It was a big farmhouse, enlarged from the old cottage by Nikolai's father,
while Nikolai himself had moved up the roof and built on a second story.
He has plenty of room for me; I have a small room to myself.
His mother is hard-working and honest; she has a few animals to see to,
and usually she is washing something or other, even if it is nothing more
than some empty potato sacks. She cooks on the kitchen stove, and keeps
her pots and pans shining. She is cleanly, and strains her milk through a
muslin cloth, which she afterward washes and rinses twice. But she picks
food remnants from between the prongs of forks with a hairpin!
A mirror, pictures of the German Kaiser's family, and a crucifix hang on
the walls of the living room; in one corner are two shelves with oddments,
including a hymnbook and a book of sermons. They are still simple and
orthodox in these parts. The rest of the furniture in the house, the
chairs and tables and cupboards and a cleverly constructed chest, have all
been made by Nikolai himself.
Nikolai is just as slow and speechless here as in the town; the day after
we arrived he went out to the woods without telling his mother. When I
asked for him, she said:
"I saw him take the sleigh, so I expect he's gone to the woods."

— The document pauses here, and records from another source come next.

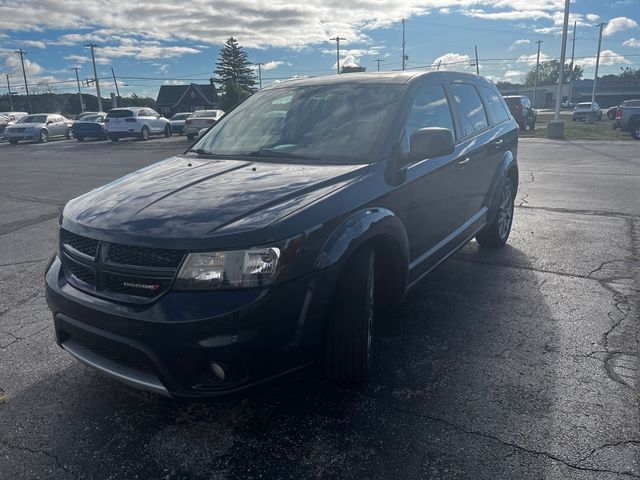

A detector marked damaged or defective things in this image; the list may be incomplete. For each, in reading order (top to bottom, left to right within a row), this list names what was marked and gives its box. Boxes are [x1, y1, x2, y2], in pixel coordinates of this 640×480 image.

cracked pavement [0, 137, 636, 478]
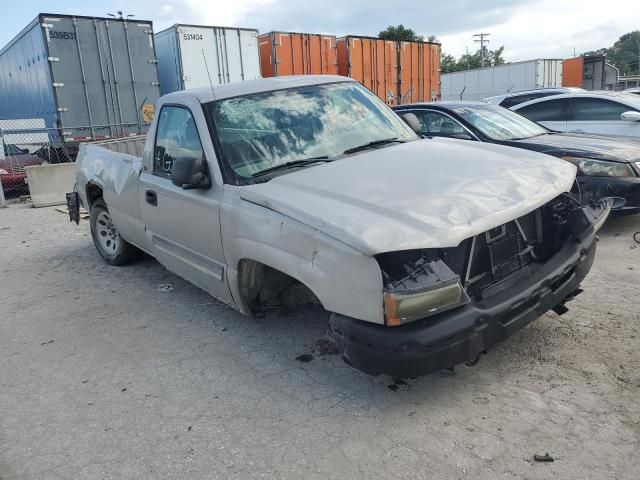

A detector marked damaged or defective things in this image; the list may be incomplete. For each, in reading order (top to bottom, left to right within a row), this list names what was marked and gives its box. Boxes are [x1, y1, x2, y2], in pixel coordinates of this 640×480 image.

cracked windshield [210, 81, 418, 179]
damaged pickup truck [67, 76, 612, 378]
crumpled hood [239, 137, 576, 256]
crumpled hood [512, 131, 640, 163]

His mother's name is Petra, and judging from her appearance she cannot be
much over forty; like her son, she is ruddy and big-muscled, with a fair
complexion and thick, graying hair, a veritable lion's mane. Her eyes are
good companions to her hair--dark, and a little worn now, but still good
enough to see far and sharply across the fjord. She, too, is taciturn,
like all the peasants here, and usually keeps her large mouth shut.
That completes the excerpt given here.